■ **Task statement**: Print exactly the lines below between the line containing "Close up of" and the line containing "Ein reichhaltiges Buffet", counting both of those lines. Leave pictures out.

■ **Task data**:

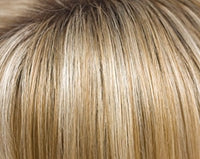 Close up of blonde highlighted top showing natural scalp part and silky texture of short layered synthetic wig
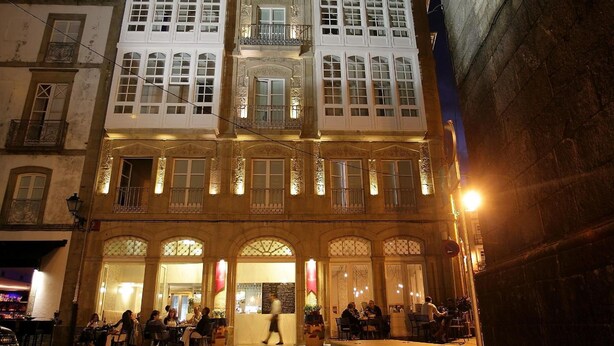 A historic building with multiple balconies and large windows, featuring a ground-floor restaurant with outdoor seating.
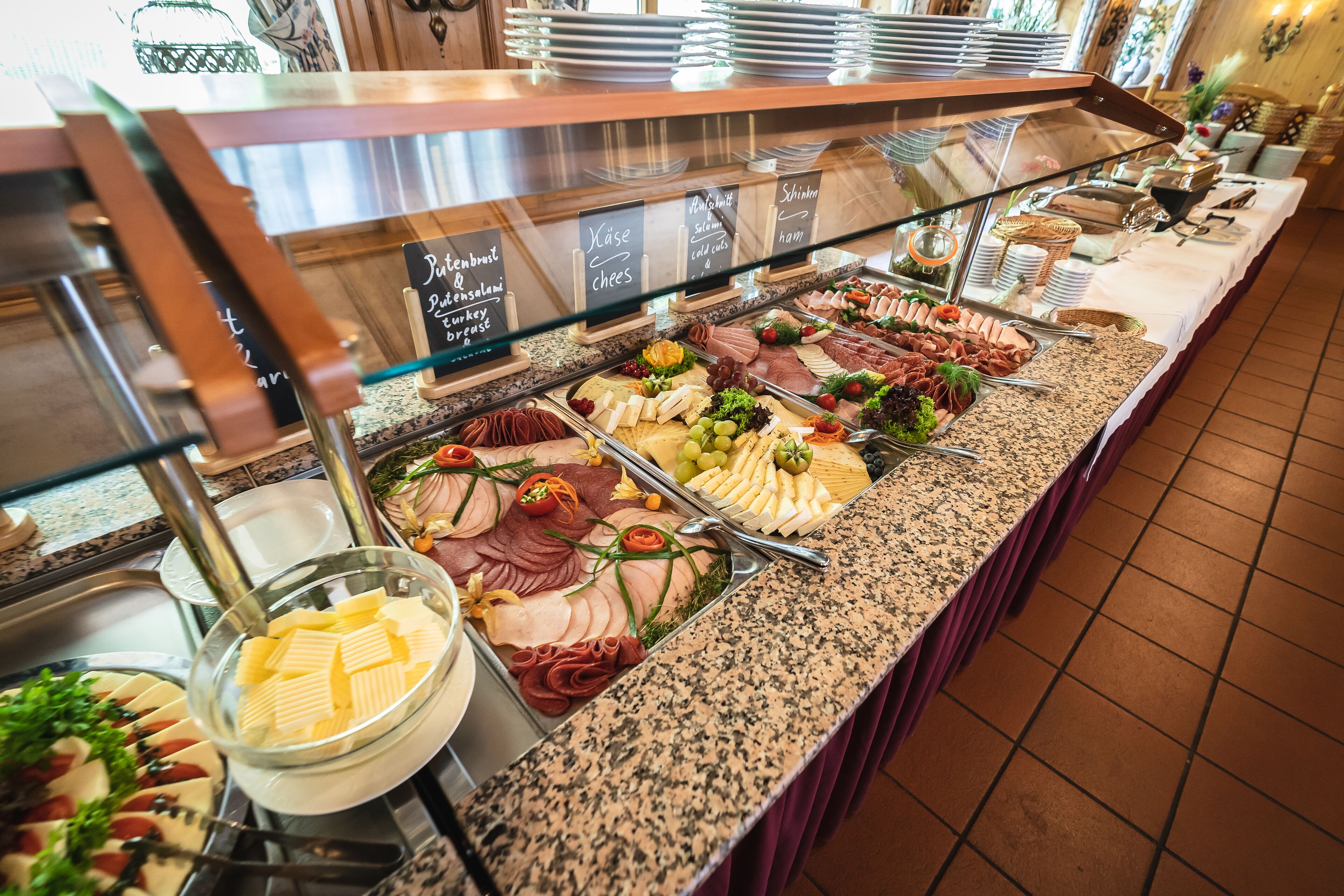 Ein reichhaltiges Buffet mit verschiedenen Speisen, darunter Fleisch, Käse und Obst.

--

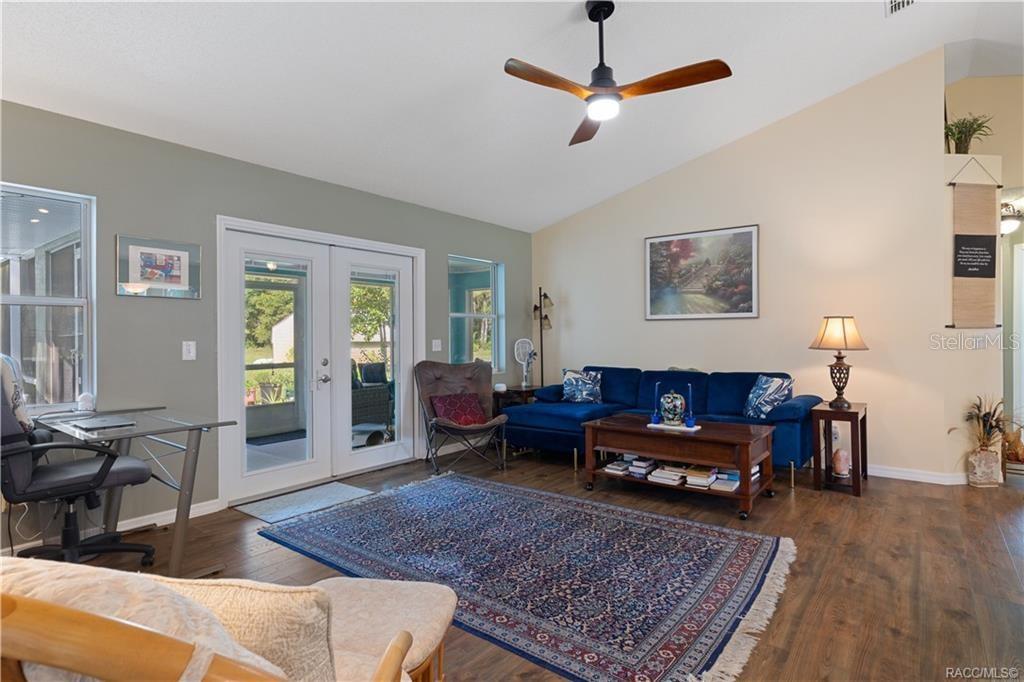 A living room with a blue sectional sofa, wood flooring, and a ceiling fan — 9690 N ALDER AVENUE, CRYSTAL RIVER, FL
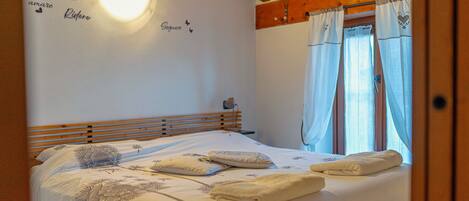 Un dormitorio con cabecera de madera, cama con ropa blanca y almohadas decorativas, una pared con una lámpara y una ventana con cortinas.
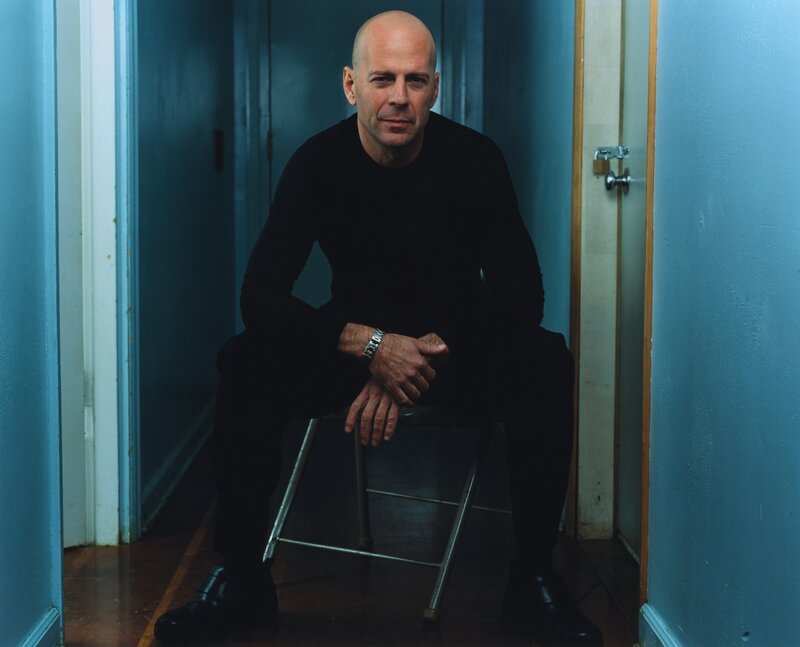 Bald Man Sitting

■ **Result for this task**:
 Close up of blonde highlighted top showing natural scalp part and silky texture of short layered synthetic wig
 A historic building with multiple balconies and large windows, featuring a ground-floor restaurant with outdoor seating.
 Ein reichhaltiges Buffet mit verschiedenen Speisen, darunter Fleisch, Käse und Obst.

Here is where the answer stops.